| Crawled caption data |
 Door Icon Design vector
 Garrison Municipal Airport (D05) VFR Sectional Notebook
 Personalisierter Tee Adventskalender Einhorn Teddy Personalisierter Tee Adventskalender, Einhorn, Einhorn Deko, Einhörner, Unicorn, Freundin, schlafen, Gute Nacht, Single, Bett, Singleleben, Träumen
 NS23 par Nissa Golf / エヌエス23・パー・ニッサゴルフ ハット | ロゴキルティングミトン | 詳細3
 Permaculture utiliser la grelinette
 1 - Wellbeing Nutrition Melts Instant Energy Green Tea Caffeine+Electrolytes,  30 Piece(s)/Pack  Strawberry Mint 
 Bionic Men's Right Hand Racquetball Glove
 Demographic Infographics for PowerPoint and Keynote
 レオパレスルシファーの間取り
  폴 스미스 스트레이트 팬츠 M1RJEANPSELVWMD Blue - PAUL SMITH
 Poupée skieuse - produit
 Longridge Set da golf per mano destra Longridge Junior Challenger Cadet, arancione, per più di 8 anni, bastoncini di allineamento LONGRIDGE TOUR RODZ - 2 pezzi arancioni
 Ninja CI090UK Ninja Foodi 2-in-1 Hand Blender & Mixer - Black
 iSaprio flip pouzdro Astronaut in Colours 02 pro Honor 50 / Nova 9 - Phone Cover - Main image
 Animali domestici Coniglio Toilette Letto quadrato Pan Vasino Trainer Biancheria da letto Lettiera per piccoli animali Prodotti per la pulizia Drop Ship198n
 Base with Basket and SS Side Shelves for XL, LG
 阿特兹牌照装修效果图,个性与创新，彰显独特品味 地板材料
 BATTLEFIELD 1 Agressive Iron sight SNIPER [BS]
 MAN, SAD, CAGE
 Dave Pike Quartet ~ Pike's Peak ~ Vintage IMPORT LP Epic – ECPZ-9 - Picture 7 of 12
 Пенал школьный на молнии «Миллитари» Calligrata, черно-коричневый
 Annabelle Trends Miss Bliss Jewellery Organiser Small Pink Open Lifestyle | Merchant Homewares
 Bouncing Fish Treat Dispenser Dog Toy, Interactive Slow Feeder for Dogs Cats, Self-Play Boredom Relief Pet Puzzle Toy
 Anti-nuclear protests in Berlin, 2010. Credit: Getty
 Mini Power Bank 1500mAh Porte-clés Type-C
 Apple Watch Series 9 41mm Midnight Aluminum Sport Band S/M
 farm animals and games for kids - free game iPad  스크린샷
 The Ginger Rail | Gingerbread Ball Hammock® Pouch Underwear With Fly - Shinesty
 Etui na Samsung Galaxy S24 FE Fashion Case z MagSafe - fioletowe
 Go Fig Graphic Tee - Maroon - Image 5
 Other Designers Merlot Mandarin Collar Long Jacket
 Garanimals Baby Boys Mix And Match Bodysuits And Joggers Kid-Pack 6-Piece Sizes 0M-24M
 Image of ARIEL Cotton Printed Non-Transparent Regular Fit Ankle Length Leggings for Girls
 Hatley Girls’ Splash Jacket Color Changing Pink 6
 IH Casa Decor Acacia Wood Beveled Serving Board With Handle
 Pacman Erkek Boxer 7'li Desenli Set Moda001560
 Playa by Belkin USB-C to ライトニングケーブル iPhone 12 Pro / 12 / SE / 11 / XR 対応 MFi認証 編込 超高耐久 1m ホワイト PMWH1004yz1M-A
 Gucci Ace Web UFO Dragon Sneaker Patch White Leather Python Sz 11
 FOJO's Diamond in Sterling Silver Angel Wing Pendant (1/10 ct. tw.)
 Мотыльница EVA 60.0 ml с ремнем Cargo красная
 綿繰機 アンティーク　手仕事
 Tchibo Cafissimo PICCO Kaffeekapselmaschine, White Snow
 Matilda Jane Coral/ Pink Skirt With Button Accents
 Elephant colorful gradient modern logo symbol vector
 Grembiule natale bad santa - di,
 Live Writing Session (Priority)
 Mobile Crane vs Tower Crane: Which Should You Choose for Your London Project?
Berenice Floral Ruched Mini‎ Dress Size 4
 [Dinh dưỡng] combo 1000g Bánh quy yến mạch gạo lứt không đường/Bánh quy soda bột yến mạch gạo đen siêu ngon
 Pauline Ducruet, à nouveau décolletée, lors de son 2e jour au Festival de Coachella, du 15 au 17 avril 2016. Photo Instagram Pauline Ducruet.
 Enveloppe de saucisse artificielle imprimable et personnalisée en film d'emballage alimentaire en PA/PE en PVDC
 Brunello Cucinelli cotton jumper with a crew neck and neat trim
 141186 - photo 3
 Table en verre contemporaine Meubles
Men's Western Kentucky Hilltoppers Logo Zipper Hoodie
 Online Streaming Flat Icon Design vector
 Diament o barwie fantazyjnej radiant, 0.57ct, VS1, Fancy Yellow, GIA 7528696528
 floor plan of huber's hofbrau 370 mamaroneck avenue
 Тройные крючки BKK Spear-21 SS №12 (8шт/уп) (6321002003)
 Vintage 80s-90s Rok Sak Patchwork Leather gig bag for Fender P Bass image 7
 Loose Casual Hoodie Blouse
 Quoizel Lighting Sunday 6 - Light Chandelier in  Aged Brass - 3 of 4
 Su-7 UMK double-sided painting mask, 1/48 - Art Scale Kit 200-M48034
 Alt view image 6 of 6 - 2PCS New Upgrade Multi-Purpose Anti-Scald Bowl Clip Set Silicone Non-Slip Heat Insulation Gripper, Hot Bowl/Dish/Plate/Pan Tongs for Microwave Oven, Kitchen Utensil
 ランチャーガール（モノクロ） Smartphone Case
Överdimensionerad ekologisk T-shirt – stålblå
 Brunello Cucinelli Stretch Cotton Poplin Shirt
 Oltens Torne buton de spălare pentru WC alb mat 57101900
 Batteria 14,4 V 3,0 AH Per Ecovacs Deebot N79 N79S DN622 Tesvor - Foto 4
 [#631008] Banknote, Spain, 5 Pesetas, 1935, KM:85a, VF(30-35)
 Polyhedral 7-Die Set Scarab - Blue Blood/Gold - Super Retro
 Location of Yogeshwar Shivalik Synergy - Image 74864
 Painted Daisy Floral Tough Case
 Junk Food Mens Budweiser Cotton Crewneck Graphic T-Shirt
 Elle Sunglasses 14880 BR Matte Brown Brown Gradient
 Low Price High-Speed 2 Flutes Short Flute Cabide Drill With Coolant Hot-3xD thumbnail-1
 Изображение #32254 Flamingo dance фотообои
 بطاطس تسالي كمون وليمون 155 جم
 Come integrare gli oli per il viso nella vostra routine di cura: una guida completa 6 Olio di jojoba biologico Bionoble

| HOW TO COMPLETE THIS TASK |
Scan the lines above for "Mini" and state how many match, nothing more.

| OUTPUT |
2